Collected data:
[Start of section]

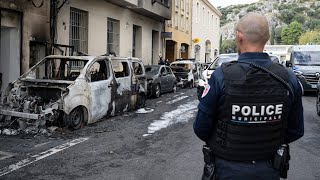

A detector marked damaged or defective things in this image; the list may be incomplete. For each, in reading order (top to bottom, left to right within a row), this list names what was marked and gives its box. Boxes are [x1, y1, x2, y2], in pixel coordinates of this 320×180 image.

burned car [0, 54, 147, 132]
charred vehicle [0, 55, 147, 132]
destroyed van [0, 54, 148, 131]
fire damage [0, 54, 148, 135]
charred vehicle [146, 65, 178, 97]
burned car [146, 65, 178, 97]
charred vehicle [170, 60, 200, 88]
burned car [170, 60, 200, 88]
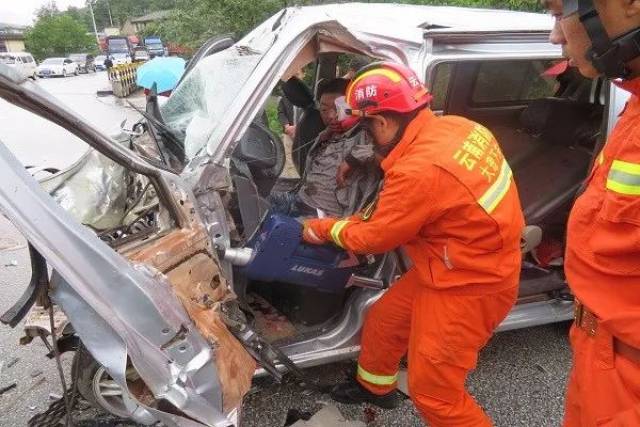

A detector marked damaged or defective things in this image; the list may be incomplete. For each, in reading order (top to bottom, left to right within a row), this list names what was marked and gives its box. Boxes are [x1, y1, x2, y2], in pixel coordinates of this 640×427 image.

damaged car door [0, 66, 255, 424]
shattered windshield [162, 46, 262, 160]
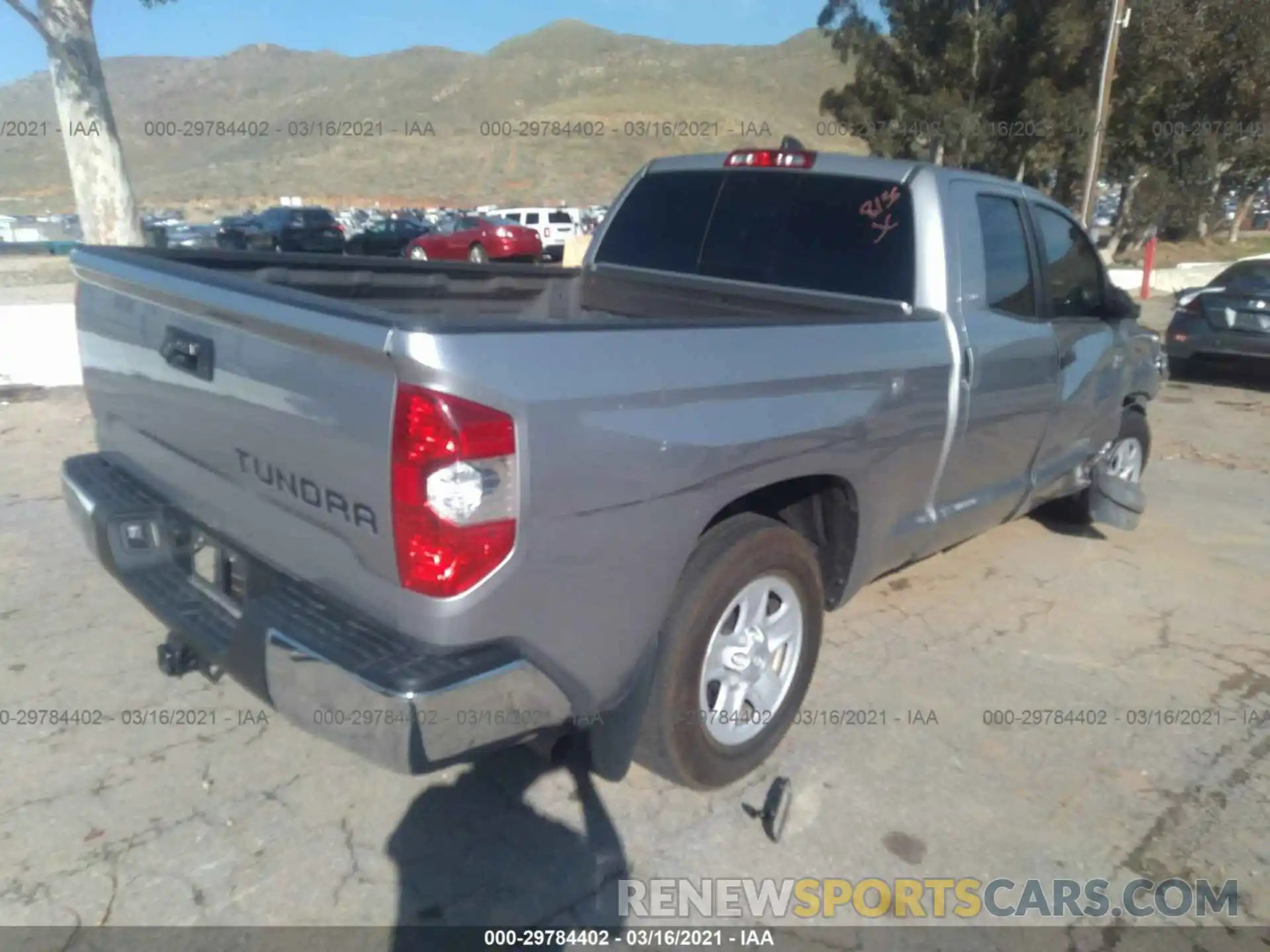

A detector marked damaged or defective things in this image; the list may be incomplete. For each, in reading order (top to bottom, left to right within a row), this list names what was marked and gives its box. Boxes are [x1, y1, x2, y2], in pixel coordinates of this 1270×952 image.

cracked pavement [0, 301, 1265, 944]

[End of section]

▸ **WHAT TO WORK ON**: Repeat the entries exactly, pictures left out.

▸ **SOLVED EXERCISE**:
A detector marked damaged or defective things in this image; the list may be incomplete. For each, in reading order (top to bottom, left to right within a row), this list names what was marked and gives its box. Boxes are [x1, y1, x2, y2], in pixel coordinates of this 320×180 image.

burned car [0, 54, 147, 132]
charred vehicle [0, 55, 147, 132]
destroyed van [0, 54, 148, 131]
fire damage [0, 54, 148, 135]
charred vehicle [146, 65, 178, 97]
burned car [146, 65, 178, 97]
charred vehicle [170, 60, 200, 88]
burned car [170, 60, 200, 88]

A detector marked damaged or defective things in this image; the list may be incomplete. For each, in reading order (top to bottom, left to right within a row), this list names what was marked and gives its box. Boxes are [x1, y1, x2, y2], in pixel coordinates of this 640×427 image.

damaged car door [0, 66, 255, 424]
shattered windshield [162, 46, 262, 160]

A detector marked damaged or defective things in this image; the list may be incomplete. For each, in reading order (top to bottom, left to right within a row), this list names what was marked and gives its box. Boxes are [x1, y1, x2, y2], in pixel coordinates of this 1270×952 image.

cracked pavement [0, 301, 1265, 944]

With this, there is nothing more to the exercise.